Vous pouvez le voir en avant-première au TNP à Villeurbanne. Le Suicidé, « vaudeville soviétique » de Nicolaï Erdman est une satire tragi-comique russe dont Jean Bellorini livre un grand spectacle, comédie musicale rythmée et drôlissime d’hier qui claque comme une radiographie politique d’aujourd’hui. Magnifique !
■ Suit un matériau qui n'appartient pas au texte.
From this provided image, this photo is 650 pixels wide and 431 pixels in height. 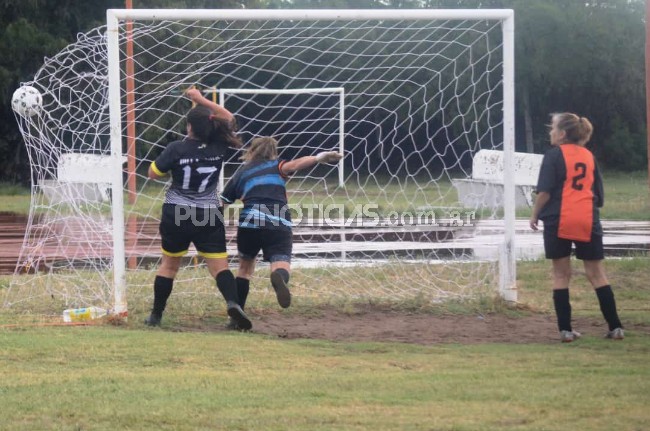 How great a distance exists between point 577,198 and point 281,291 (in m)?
2.46

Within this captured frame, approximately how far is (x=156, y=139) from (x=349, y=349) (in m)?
5.17

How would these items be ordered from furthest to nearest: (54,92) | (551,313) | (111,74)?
(54,92) < (551,313) < (111,74)

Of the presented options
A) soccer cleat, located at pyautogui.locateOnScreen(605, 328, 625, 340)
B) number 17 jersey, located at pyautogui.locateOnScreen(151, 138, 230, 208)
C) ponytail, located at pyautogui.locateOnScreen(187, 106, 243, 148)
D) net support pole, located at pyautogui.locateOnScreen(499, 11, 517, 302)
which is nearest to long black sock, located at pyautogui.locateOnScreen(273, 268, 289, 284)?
number 17 jersey, located at pyautogui.locateOnScreen(151, 138, 230, 208)

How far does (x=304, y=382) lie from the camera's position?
630cm

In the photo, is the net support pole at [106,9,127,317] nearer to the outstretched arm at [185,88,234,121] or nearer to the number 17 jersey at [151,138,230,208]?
the number 17 jersey at [151,138,230,208]

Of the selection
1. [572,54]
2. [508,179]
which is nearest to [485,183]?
[508,179]

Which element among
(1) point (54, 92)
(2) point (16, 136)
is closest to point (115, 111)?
(1) point (54, 92)

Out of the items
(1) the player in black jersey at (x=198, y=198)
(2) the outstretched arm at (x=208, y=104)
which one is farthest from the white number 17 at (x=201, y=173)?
(2) the outstretched arm at (x=208, y=104)

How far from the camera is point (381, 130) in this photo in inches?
469

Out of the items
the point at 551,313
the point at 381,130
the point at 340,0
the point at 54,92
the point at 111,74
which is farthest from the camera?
the point at 340,0

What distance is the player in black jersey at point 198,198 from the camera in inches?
330

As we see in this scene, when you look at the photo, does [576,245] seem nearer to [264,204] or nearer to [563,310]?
[563,310]

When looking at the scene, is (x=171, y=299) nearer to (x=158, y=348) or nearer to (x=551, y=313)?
(x=158, y=348)

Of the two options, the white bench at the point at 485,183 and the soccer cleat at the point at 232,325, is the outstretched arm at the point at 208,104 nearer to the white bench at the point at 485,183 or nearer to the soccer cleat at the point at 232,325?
the soccer cleat at the point at 232,325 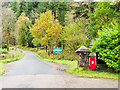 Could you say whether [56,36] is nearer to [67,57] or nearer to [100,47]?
[67,57]

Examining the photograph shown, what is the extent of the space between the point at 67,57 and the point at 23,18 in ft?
118

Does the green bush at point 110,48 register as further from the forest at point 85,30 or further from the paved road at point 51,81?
the paved road at point 51,81

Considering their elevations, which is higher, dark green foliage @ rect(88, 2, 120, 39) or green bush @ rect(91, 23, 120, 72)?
dark green foliage @ rect(88, 2, 120, 39)

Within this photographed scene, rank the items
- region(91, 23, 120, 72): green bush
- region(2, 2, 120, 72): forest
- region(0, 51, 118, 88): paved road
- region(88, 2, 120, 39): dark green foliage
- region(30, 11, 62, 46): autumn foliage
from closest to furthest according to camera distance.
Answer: region(0, 51, 118, 88): paved road
region(91, 23, 120, 72): green bush
region(2, 2, 120, 72): forest
region(88, 2, 120, 39): dark green foliage
region(30, 11, 62, 46): autumn foliage

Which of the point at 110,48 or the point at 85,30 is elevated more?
the point at 85,30

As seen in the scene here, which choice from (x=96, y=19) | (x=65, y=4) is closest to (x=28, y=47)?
(x=65, y=4)

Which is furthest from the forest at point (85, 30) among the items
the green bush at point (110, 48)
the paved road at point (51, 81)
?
the paved road at point (51, 81)

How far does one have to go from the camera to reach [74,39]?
67.3 feet

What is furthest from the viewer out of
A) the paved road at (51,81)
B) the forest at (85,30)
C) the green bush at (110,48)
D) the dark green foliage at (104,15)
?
the dark green foliage at (104,15)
Le drôle de “suicidé” de ce “vaudeville soviétique”, c’est un jeune homme que tout le monde croit mort ou sur le point de mourir, alors qu’en précaire de son temps, il n’est attaché qu’à une seule chose : vivre, et aimer sa belle dulcinée… Son temps, c’est celui de 1928 et de l’interdiction de cette grande oeuvre contestataire de la culture russe (elle n’a pas pu être jouée avant 1978 en URSS et Nicolaï Erdman est mort en 1970). Mais c’est aussi le temps de la vitalité des jeunes russes d’aujourd’hui écrasée par la “guerre”, cette “guerre” dont Nicolaï Erdman livre un réquisitoire sans pareil dans un monologue final d’il y a bientôt cent ans alors qu’on pourrait croire qu’il vient de l’écrire hier. Jean Bellorini met en scène sa tragique actualité dans une dernière vidéo estomaquante qu’on vous laissera découvrir.

La troupe de Jean Bellorini dans les costumes de Macha Makeïeff pour La Suicidé, vaudevielle soviétique au TNP à Villeurbanne.
Les merveilleux costumes de Macha Makeïeff pour Le Suicidé de Jean Bellorini.
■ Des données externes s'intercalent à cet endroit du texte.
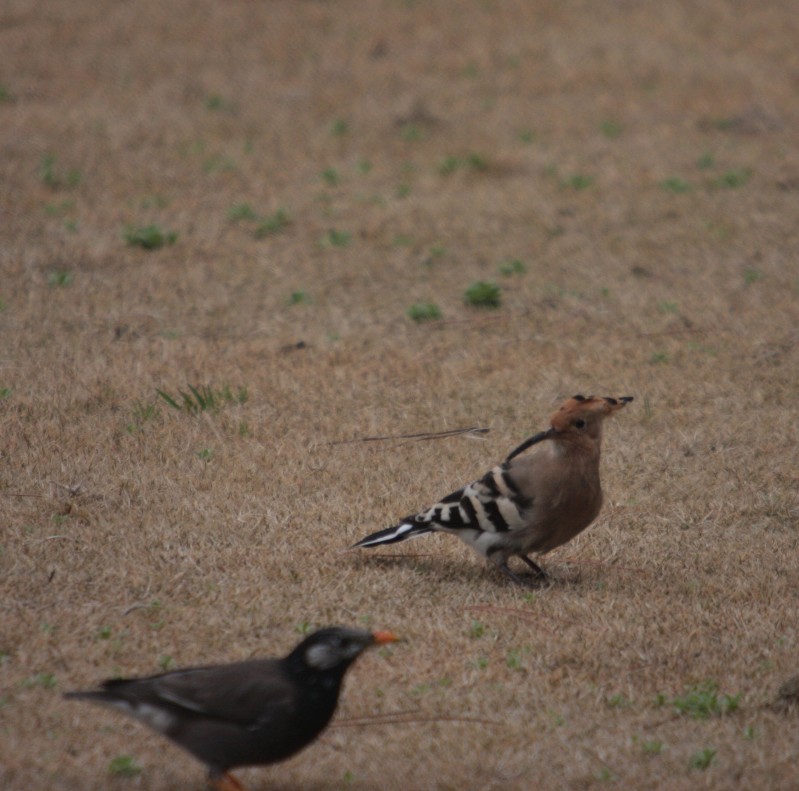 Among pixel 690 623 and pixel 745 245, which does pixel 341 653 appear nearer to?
pixel 690 623

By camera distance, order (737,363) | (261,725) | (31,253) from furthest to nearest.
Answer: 1. (31,253)
2. (737,363)
3. (261,725)

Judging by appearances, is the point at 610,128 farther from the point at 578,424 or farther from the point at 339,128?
the point at 578,424

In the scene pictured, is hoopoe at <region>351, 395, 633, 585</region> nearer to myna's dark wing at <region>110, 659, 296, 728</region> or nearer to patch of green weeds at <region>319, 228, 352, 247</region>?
myna's dark wing at <region>110, 659, 296, 728</region>

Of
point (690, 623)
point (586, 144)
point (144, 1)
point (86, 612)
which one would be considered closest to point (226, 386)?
point (86, 612)

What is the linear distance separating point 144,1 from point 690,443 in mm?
12464

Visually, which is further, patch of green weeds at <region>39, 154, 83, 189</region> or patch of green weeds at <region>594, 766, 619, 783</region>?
patch of green weeds at <region>39, 154, 83, 189</region>

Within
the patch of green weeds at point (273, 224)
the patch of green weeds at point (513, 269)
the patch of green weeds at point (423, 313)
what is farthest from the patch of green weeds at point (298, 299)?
the patch of green weeds at point (513, 269)

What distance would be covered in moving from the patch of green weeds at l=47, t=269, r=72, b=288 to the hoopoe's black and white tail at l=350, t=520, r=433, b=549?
4727mm

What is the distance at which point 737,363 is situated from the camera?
26.9ft

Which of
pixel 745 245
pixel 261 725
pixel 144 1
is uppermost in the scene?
pixel 144 1

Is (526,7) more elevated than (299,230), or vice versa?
(526,7)

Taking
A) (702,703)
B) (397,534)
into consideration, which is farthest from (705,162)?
(702,703)

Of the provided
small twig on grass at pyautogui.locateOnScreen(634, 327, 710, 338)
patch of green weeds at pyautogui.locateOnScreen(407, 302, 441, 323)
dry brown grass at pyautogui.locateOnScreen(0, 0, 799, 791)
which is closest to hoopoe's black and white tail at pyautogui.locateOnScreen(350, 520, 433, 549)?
dry brown grass at pyautogui.locateOnScreen(0, 0, 799, 791)

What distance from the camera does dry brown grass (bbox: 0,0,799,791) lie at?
14.8 feet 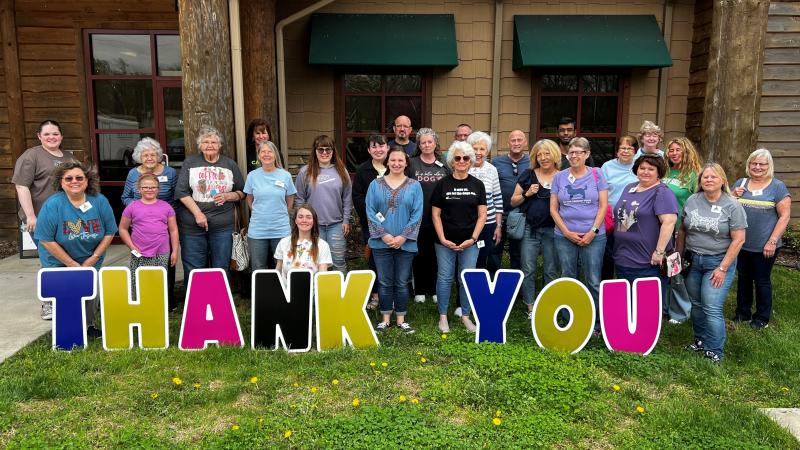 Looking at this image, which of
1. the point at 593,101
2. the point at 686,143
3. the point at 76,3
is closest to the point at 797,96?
the point at 593,101

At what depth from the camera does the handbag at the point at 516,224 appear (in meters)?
4.78

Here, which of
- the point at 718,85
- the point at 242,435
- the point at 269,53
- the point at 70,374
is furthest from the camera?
the point at 269,53

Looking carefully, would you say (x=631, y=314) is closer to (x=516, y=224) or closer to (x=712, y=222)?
(x=712, y=222)

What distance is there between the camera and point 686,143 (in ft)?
14.8

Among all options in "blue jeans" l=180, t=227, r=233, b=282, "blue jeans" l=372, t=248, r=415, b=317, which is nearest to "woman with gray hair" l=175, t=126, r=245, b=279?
"blue jeans" l=180, t=227, r=233, b=282

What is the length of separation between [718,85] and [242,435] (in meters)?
4.83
Une BD du régime stalinien en forme de comédie musicale

Mais cette vraie tragédie et aussi et surtout dans sa forme une pure comédie désespérée en forme de course à l’abîme. Le public rit sans cesse des échappées surréalistes de cet anti-héros naïf en slip blanc harcelé par la “conscience sociale” de l’intelligentsia (extraordinaire Damien Zanoly en commissaire absurde du régime). Dans la vision joyeuse et lucide de Jean Bellorini, la farce est même une comédie musicale dans laquelle les comédiens sont aussi chanteurs et musiciens (on retrouve l’essentiel de la troupe fidèle du Jeu des ombres, la précédente création de Bellorini pour le TNP). On chante au banquet, danse le pas de deux avec un hélicon ou livre une version live sublime du Creep de Radiohead comme un appel désespéré vers la liberté occidentale dans ce qui restera pour nous un des grands moments de théâtre de la saison. Les costumes de Macha Makeïeff (qui rappellent Moscou quartier des Cerises, la comédie musicale de Chostakovitch qu’elle avait montée à l’Opéra de Lyon) apportent une merveille graphique à cette espèce de BD du régime stalinien et la traduction de Markowicz toute la théâtralité de cette langue typique aux dialogues impayables : “ce qu’un vivant pense, seul un mort peut le dire !”.

François Deblock et la troupe de Jean Bellorini au TNP à Villeurbanne dans Le Suicidé.
François Deblock, acteur-poète dans la vision chantée et dansée de Jean Bellorini.

François Deblock, acteur-poète de haut vol

Dans une scénographie splendide, Jean Bellorini parvient surtout à faire de ce chef-d’oeuvre aux ruptures de ton permanentes typique de la culture russe, un récit fluide et parfaitement rythmé à travers différents niveaux de réalité. Jusqu’au complot qui s’orchestre en coulisses dans les images vidéos, ou les vraies-fausses funérailles d’un défunt fictif qui n’avait rien demandé, que de trouver sa place dans la société. A ce jeu tragi-comique, François Deblock est un acteur-poète de haut vol, physique d’allumette à l’étonnement naïf qui ne se départit jamais de la gravité du régime qui l’oppresse, et le condamne à la solitude au milieu des autres. Un grand spectacle, aussi drôle que politique, chef-d’œuvre d’hier et radiographie d’aujourd’hui. La plus belle raison d’être du théâtre.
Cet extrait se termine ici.